___ INPUT DATA ___

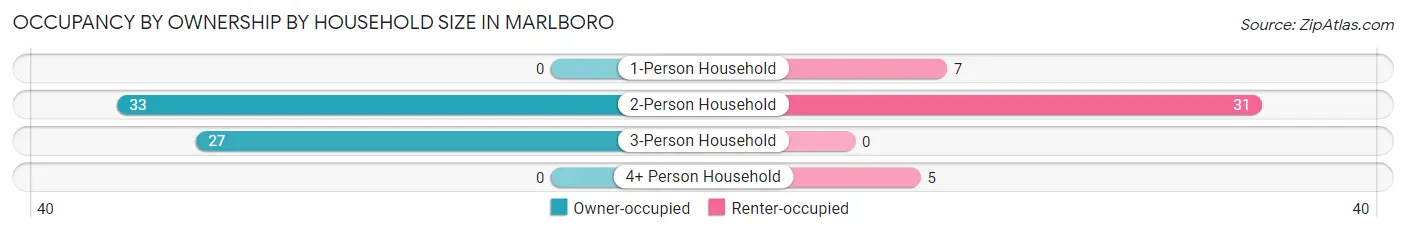 Occupancy by Ownership by Household Size in Marlboro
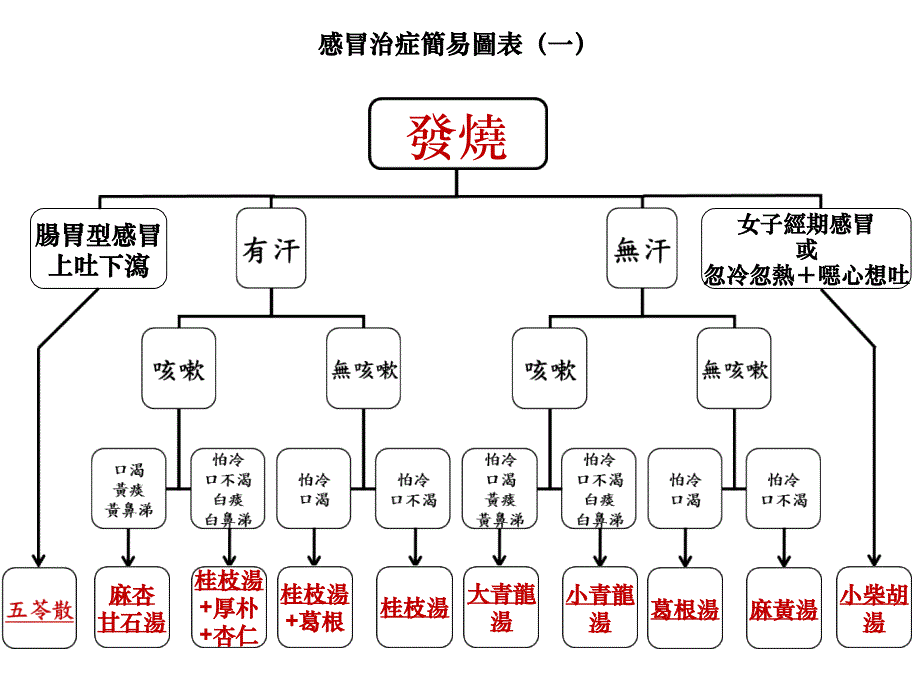 麻杏甘石汤煮法及注意事项_第1页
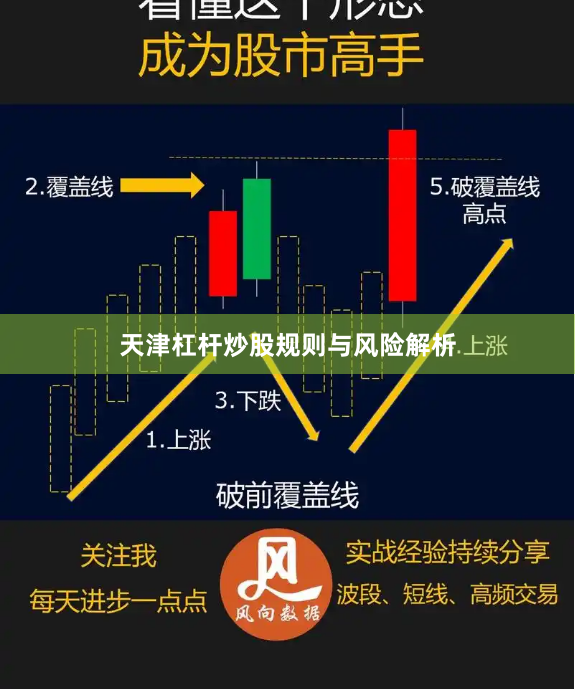 天津杠杆炒股规则与风险解析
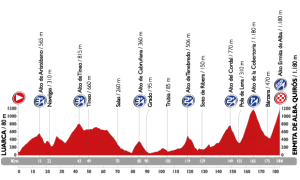 Etapa 16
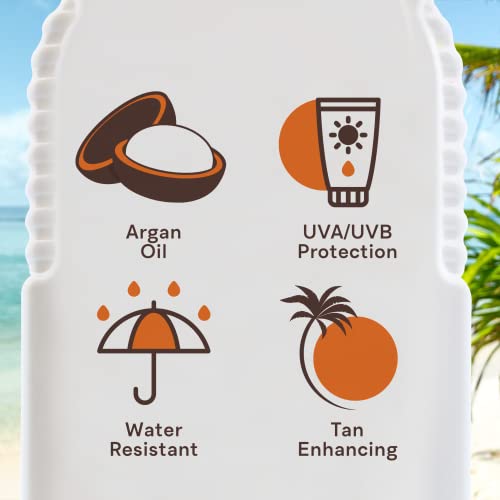 AH-8 Firming Neck Cream for Skin Body Care, 4.23Oz Neck Tightening Cream with Roller, Lifting & Tightening Loose Skin, Reduces Wrinkles and Fine Lines, Facial Moisturizer(Golden)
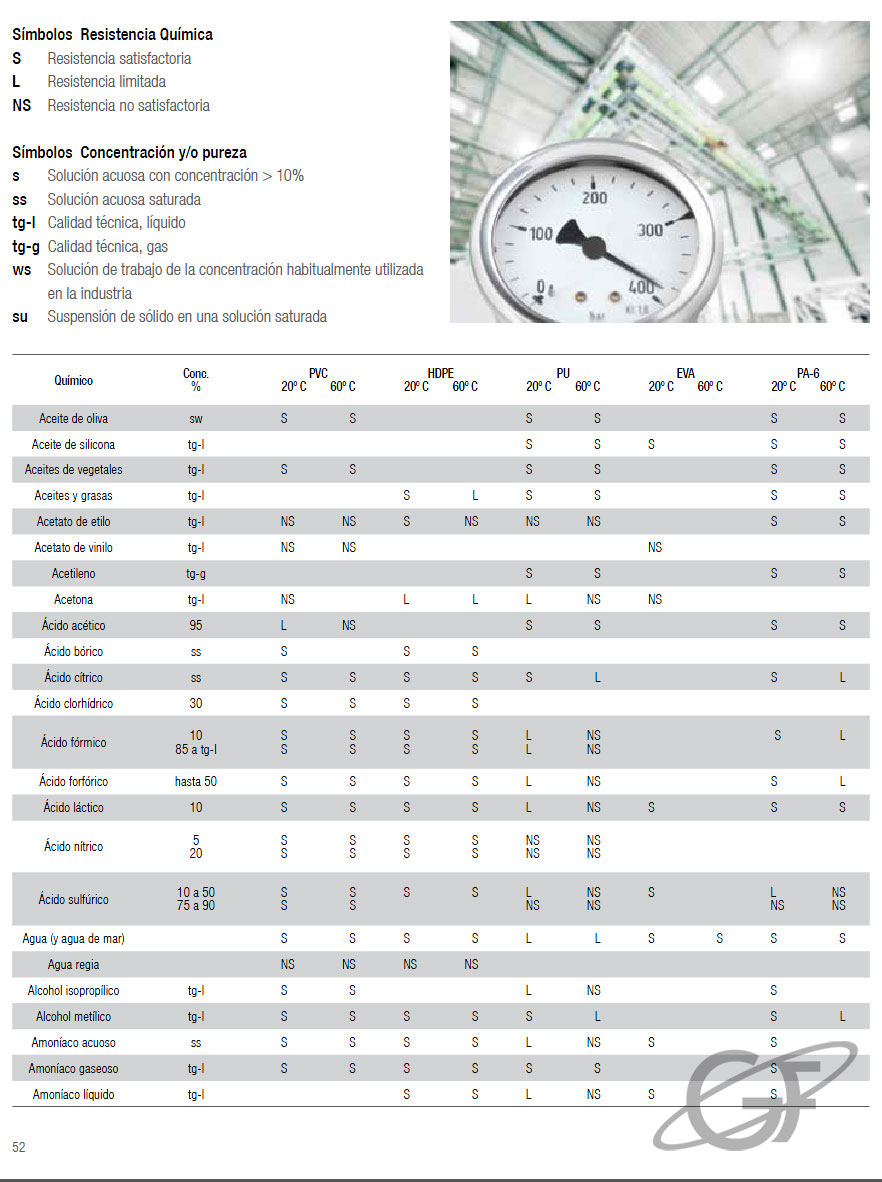 TABLA DE COMPATIBILIDAD QUIMICA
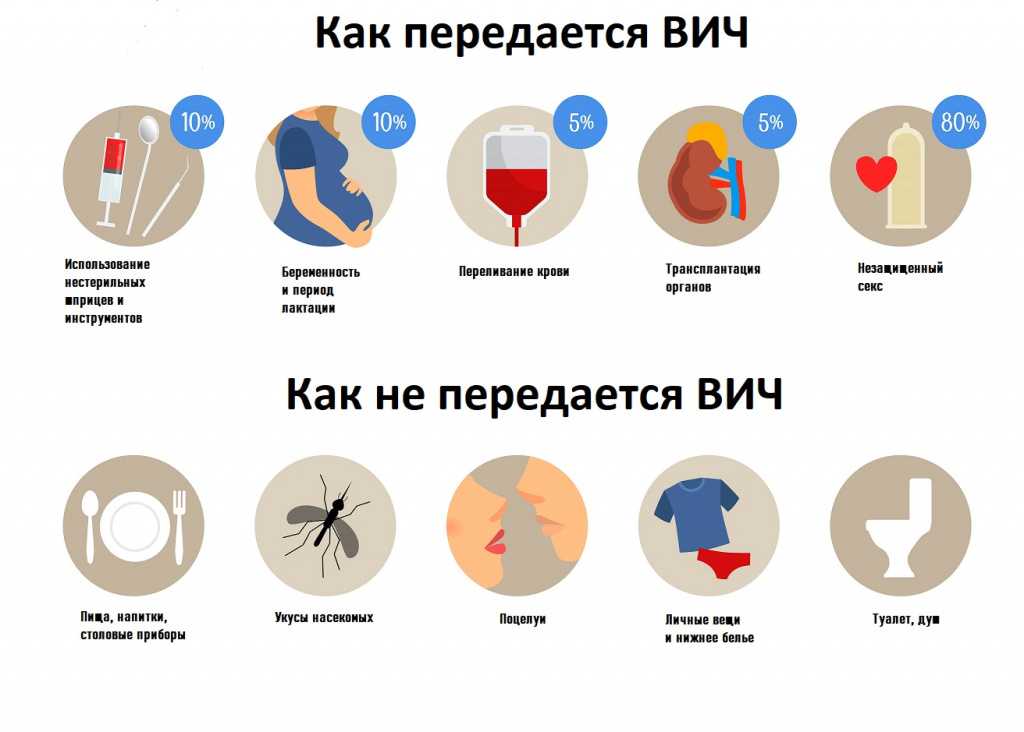 Мифы о половых инфекциях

___

WHAT THE EXERCISE ASKS: Exactly retype each record above, dropping images.

ANSWER FOR THE TASK:
 Occupancy by Ownership by Household Size in Marlboro
 麻杏甘石汤煮法及注意事项_第1页
 天津杠杆炒股规则与风险解析
 Etapa 16
 AH-8 Firming Neck Cream for Skin Body Care, 4.23Oz Neck Tightening Cream with Roller, Lifting & Tightening Loose Skin, Reduces Wrinkles and Fine Lines, Facial Moisturizer(Golden)
 TABLA DE COMPATIBILIDAD QUIMICA
 Мифы о половых инфекциях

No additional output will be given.